In Table 2, average clustering coefficient, average shortest path, average neighbors, network diameter, betweenness centrality, network homogeneity, network density for Watts-Strogatz, expected degree distribution, and power-law clustering random networks are presented. As it can be seen in Table 2, clustering coefficient, the average of neighbors, networks density of Watts-Strogatz, and expected degree of random networks are very different with the ones of C. elegans frontal neural network.

TABLE 2

Table 2. Comparison between undirected random networks.

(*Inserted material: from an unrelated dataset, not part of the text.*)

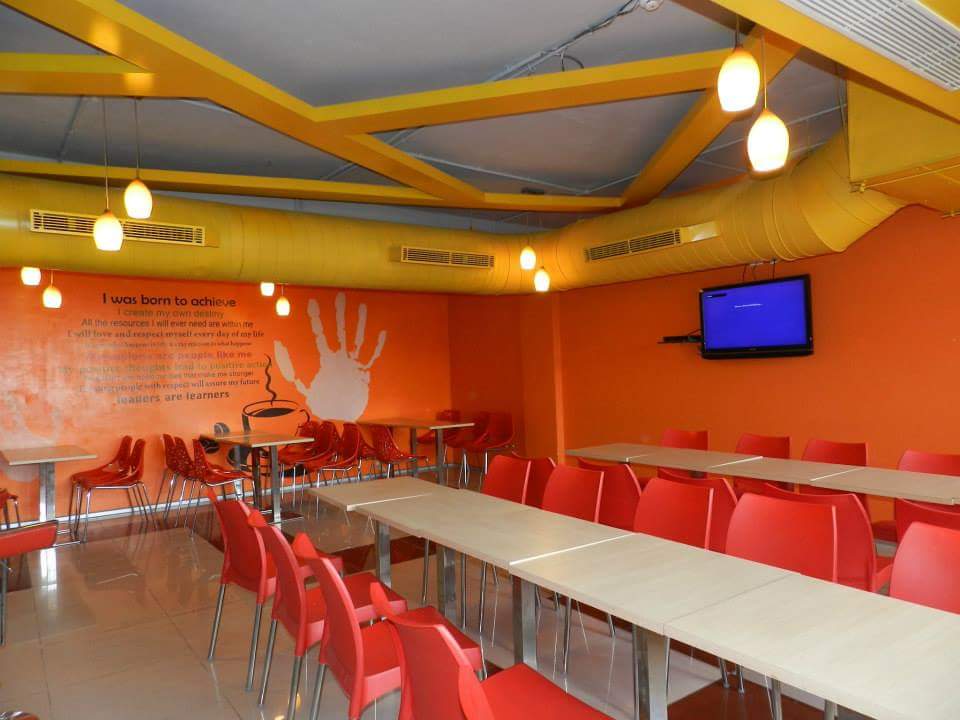 The red and yellow dining space by Sukriti Architecture & Interiors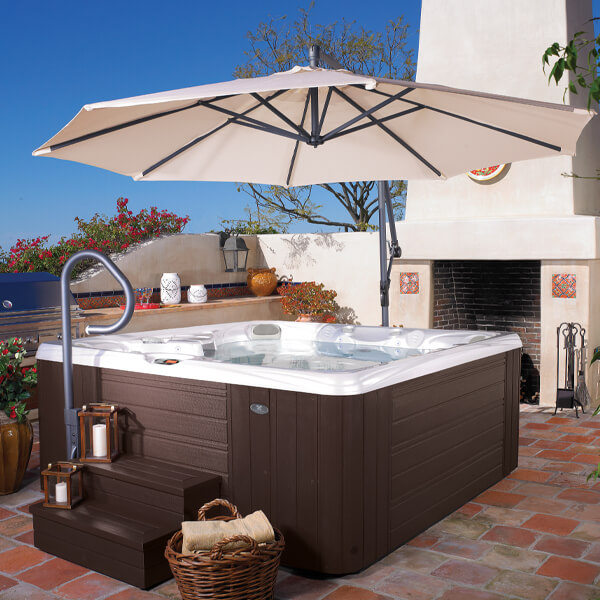 Hot Tub in backyard with accessories such as umbrella, steps, handrail and towels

The results from power-law clustering random network and the ones in C. elegans frontal neural network, specially for the case of clustering coefficient, have more similarities compared to the other models. The most significant difference between C. elegans frontal neural network and power-law clustering is in network diameter and network homogeneity. Among undirected random networks, power-law clustering seems to be the most similar random network to the C. elegans frontal neural network. This resemblance can be the result of C. elegans power-law degree distribution. In Figures 2A–D, the degree distribution of the C. elegans frontal neural network and these random networks are shown.

FIGURE 2

Figure 2. Undirected networks degree distribution. (A) C. elegans degree distribution. (B) Expected degree distribution random network degree distribution. (C) Watts-Strogats random network degree distribution. (D) Power-low clustering random network degree distribution.

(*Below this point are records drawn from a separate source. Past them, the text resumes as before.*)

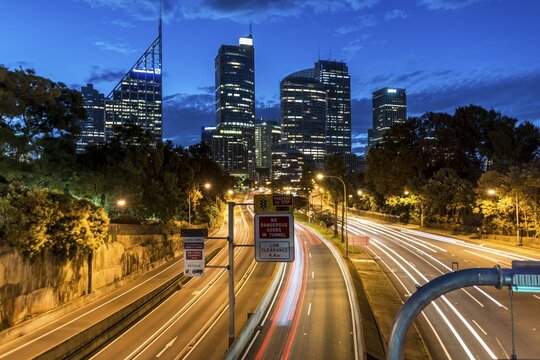 Time exposure, highway, skyscrapers at night, Sydney, New South Wales, Australia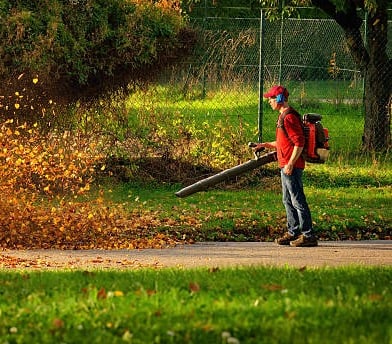 guy blowing leaves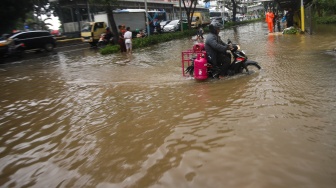 Warga beraktivitas di tengah genangan banjir yang merendam di sekitar Cempaka Putih, Jakarta, Kamis (22/1/2026). [Suara.com/Alfian Winanto]
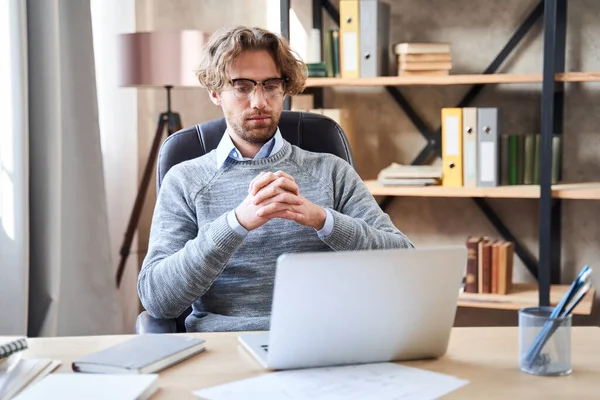 Businessman sitting at table with computer — Stock Photo, Image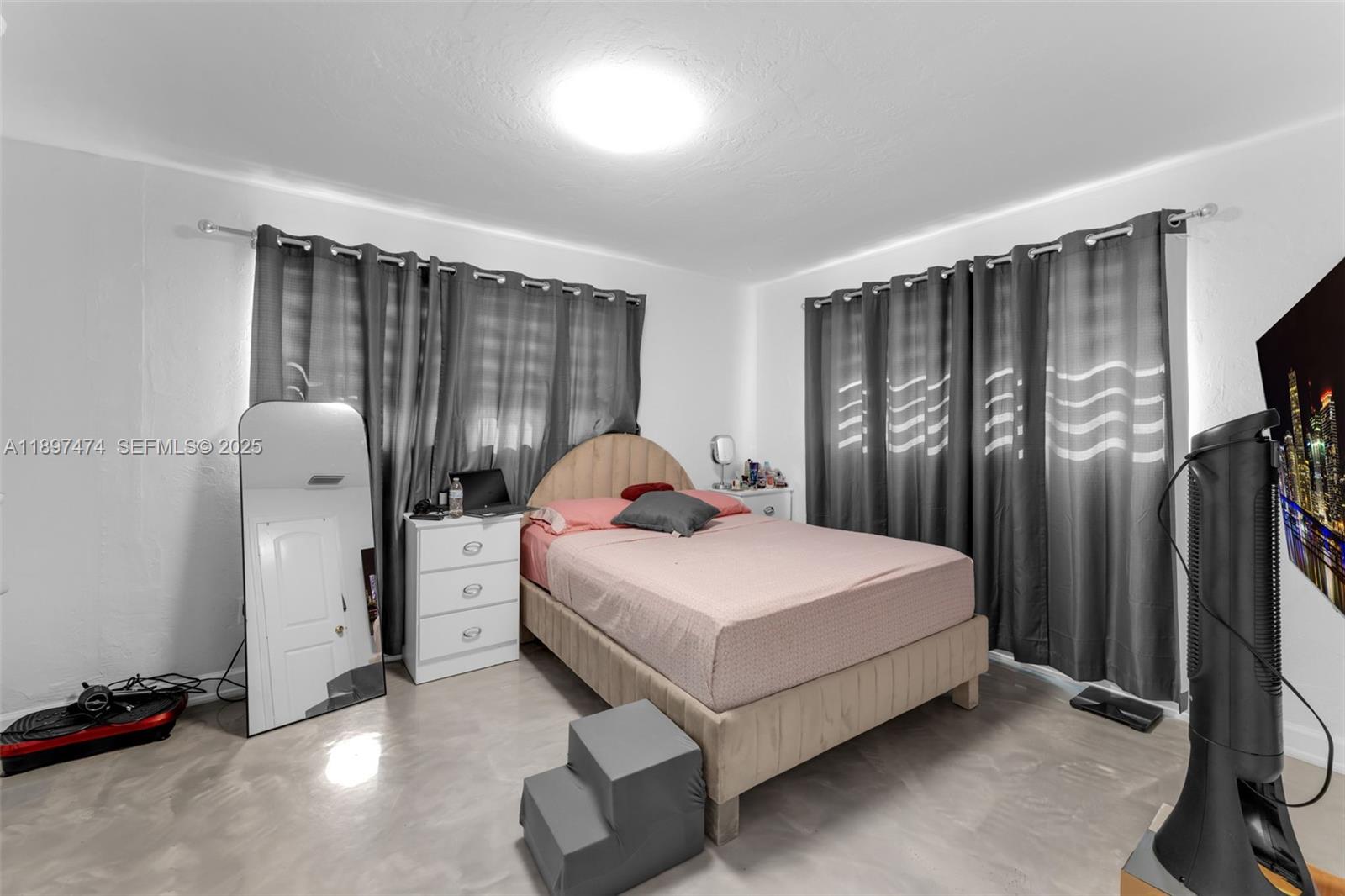 8811 Southwest 128th Street Miami, FL 33176 - Photo 17 of 28 a bedroom with a bed and a window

Figure 2A depicts the degree distribution for undirected C. elegans frontal neural network. As it can be seen, the majority of nodes have a degree between 10 and 40. However, the degree distributions for expected degree distribution network and Watts-Strogatz random network, on the contrary, show a distribution between 0 and 10 for most of the nodes. As Figures 2B,C suggest, the degree distribution of The expected degree distribution random network and the Watts-Strogats random network degree distributions are very different from the degree distribution of the C. elegans frontal neural network.

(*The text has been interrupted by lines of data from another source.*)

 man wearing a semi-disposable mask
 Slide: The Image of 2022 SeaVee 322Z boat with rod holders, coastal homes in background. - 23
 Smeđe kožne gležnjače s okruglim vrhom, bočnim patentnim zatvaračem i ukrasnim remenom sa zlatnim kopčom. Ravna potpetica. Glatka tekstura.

As Figure 2D suggests, power-law clustering random network degree distribution, similar to undirected C. elegans frontal neural network, shows a distribution between 10 and 40 for predominant of the nodes.

5.1.2. Evaluation of Directed Random Networks

On the other hand, the interactions between neurons through chemical synapses is directional. With this in mind, some directed random networks are also compared with C. elegans frontal neural network. In Table 3, measurements of average clustering coefficient, average shortest path length, average neighbors, and network diameter for directed Havel-Hakimi, Erdos-Renyie, and the scale-free random networks are shown.

TABLE 3

Table 3. Comparison between directed random networks.

For all of these three directed random networks, the average shortest path length is nearly similar to the one for C. elegans frontal neural network. Although the average clustering coefficient of Erdos-Renyie is very different from the average clustering coefficient of C. elegans neural network, the predicted values for this coefficient are very similar between C. elegans frontal neural network, Havel-Hakimi, and scale-free network. The average number of neighbors and network density are also similar between C. elegans frontal neural network, Havel-Hakimi and the random scale-free network.

As previous studies indicate, C. elegans neural network has some characteristics of scale-free networks. The resemblance between C. elegans, power law clustering random network and the random scale-free network can be the result of power-law degree distribution in C. elegans neural network. In Figures 3–5 the histograms of degree distribution of C. elegans neural network and these directed random networks are shown.

FIGURE 3

Figure 3. C. elegans frontal neural network and Havel-Hakimi random network degree distribution. (A) C. elegans and Havel-Hakimi random network in-degree distribution. (B) C. elegans and Havel-Hakimi random network out-degree distribution.

FIGURE 4

Figure 4. Erdos-Renyie degree distribution. (A) Erdos-Reynie in-degree distribution. (B) Erdos-Reynie out-degree distribution.

FIGURE 5

Figure 5. Scale-free degree distribution. (A) Scale-free in-degree distribution. (B) Scale-free out-degree distribution.

Figure 3 depicts the degree distribution for C. elegans frontal neural network and the Havel-Hakimi random network. As it can be seen, the in-degree distribution for predominant of the nodes is between 1 and 15 and the majority of the nodes have an out-degree distribution between 1 and 25 for both the C. elegans and the Havel-Hakimi random network. Since the Havel-Hakimi random network is created based on the C. elegans in-degree and out-degree distribution and it tries to retain the degree distribution, it is no surprise that the in-degree and out-degree distribution of these two networks is so similar to each other. However, the degree distribution is used as a factor to compare networks, for the degree distribution may be coded in DNA of the worm somehow.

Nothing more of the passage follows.